That description pretty much nails the comic book Dex.

Which is why this show has been a growing disappointment to me.


----------



## alpacaboy (Oct 29, 2004)

I still like the show, but yeah, I agree I don't like the direction toward (multiple) "will they or won't they."

Is there an cute antonym for "shipping"?


----------



## cheesesteak (Jul 24, 2003)

I'm out. I wasn't happy with the show's love triangle trend but now they've moved into reality show love quadrilateral territory. Everybody's going to be inn their feelings and that's not my type of show. 

I know she's the main character but does everybody need to want to bang Dex? She's not *that* hot.


----------



## rharmelink (Dec 1, 2015)

cheesesteak said:


> ...does everybody need to want to bang Dex? She's not *that* hot.


Heretic!! Persecute!! 

She is one messed up individual.


----------



## Steveknj (Mar 10, 2003)

cheesesteak said:


> I'm out. I wasn't happy with the show's love triangle trend but now they've moved into reality show love quadrilateral territory. Everybody's going to be inn their feelings and that's not my type of show.
> 
> I know she's the main character but does everybody need to want to bang Dex? She's not *that* hot.


I'm close to giving up (and as I've said, I'm not surprised it went this way, given it's an ABC show). I am sticking with it because I like Cobe, or I'd have been out a long time ago.


----------



## Rob Helmerichs (Oct 17, 2000)

Steveknj said:


> I'm close to giving up (and as I've said, I'm not surprised it went this way, given it's an ABC show). I am sticking with it because I like Cobe, or I'd have been out a long time ago.

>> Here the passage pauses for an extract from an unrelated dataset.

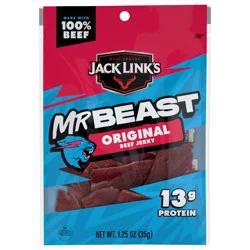 Jack Link's Original Beef Jerky 1.25 oz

Yeah, I've stuck with it so far mainly out of loyalty to the (sensational!) comic book, but if ABC doesn't share that loyalty, what's the point?


----------



## Howie (May 3, 2004)

The ending caught me by surprise, and I thought it was funny. I'm still liking the show, though I'd prefer it to take the darker route that I thought it was going in the beginning.


----------



## dtle (Dec 12, 2001)

There was a little bit of plot hole between the Thanksgiving episode and last episode. Miles (the cop) already met Liz at the "Friendsgiving" Party. And yet, when Dex mentioned her name with the list of suspect, he didn't recognize the name, until later.


----------



## alpacaboy (Oct 29, 2004)

cheesesteak said:


> but does everybody need to want to bang Dex? She's not *that* hot.





rharmelink said:


> Heretic!! Persecute!!
> She is one messed up individual.


----------



## Amnesia (Jan 30, 2005)

Dex is definitely well above the Vicky Mendoza diagonal...


----------



## eddyj (Jun 20, 2002)

dtle said:


> There was a little bit of plot hole between the Thanksgiving episode and last episode. Miles (the cop) already met Liz at the "Friendsgiving" Party. And yet, when Dex mentioned her name with the list of suspect, he didn't recognize the name, until later.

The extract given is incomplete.